### [Input data]

--

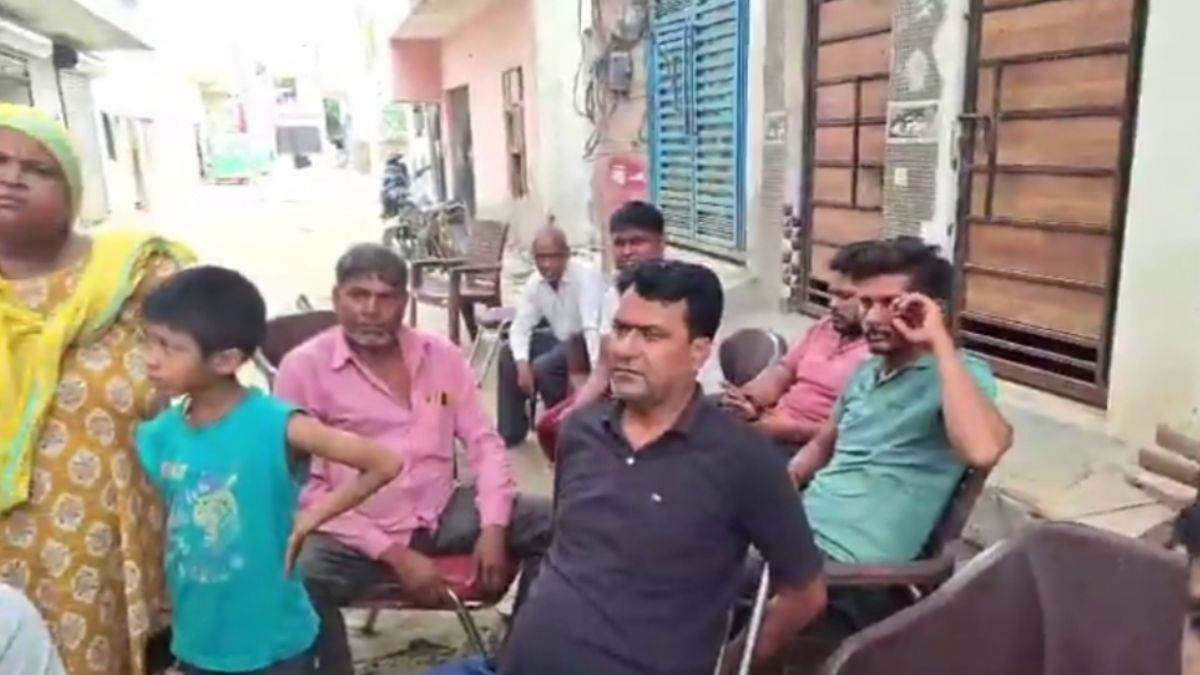 ncr faridabad two drown during durga idol immersion in yamuna river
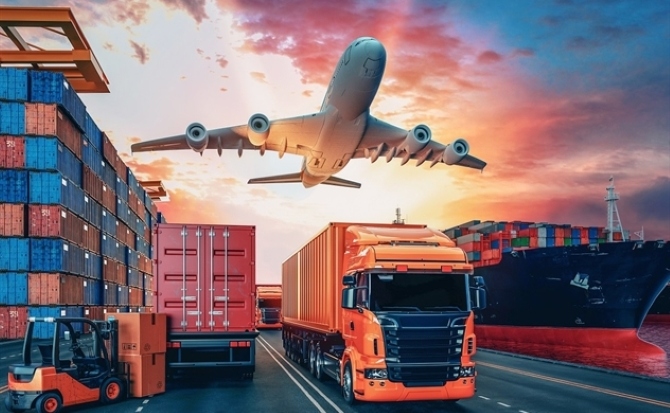 Logistics đắt đỏ vì hạ tầng thiếu đồng bộ, thủ tục kéo dài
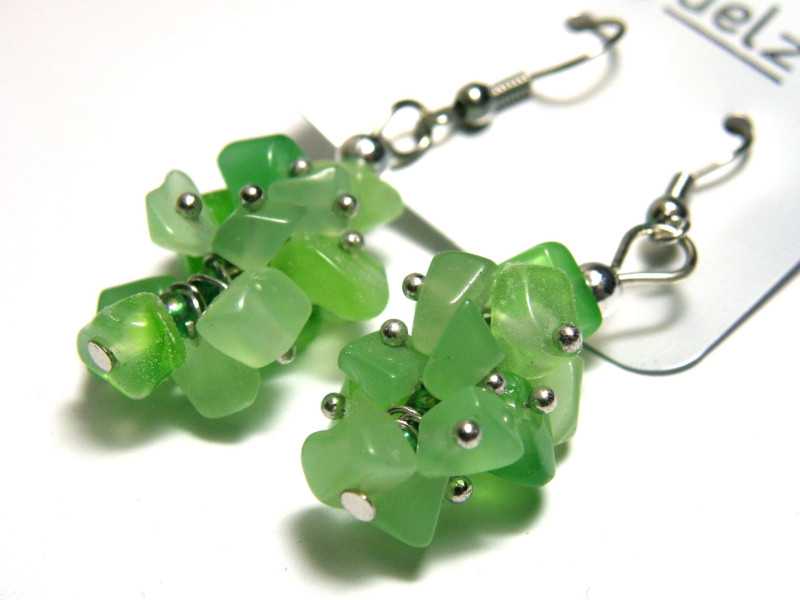 5 cm Gemstone chip dangling earrings - costume jewellery - green agate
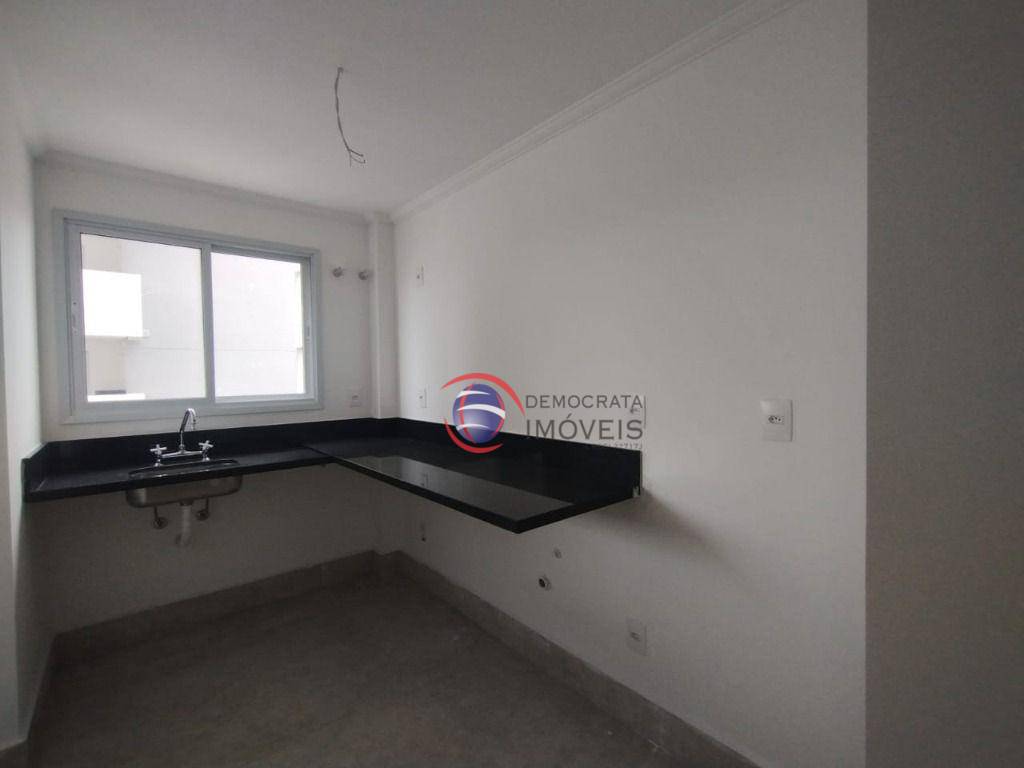 Apartamento à venda com 2 quartos, 63m² - Foto 11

--

### [What you should do]
Copy out the lines above in full and unaltered, apart from the pictures.

### [Written reply]
 ncr faridabad two drown during durga idol immersion in yamuna river
 Logistics đắt đỏ vì hạ tầng thiếu đồng bộ, thủ tục kéo dài
 5 cm Gemstone chip dangling earrings - costume jewellery - green agate
 Apartamento à venda com 2 quartos, 63m² - Foto 11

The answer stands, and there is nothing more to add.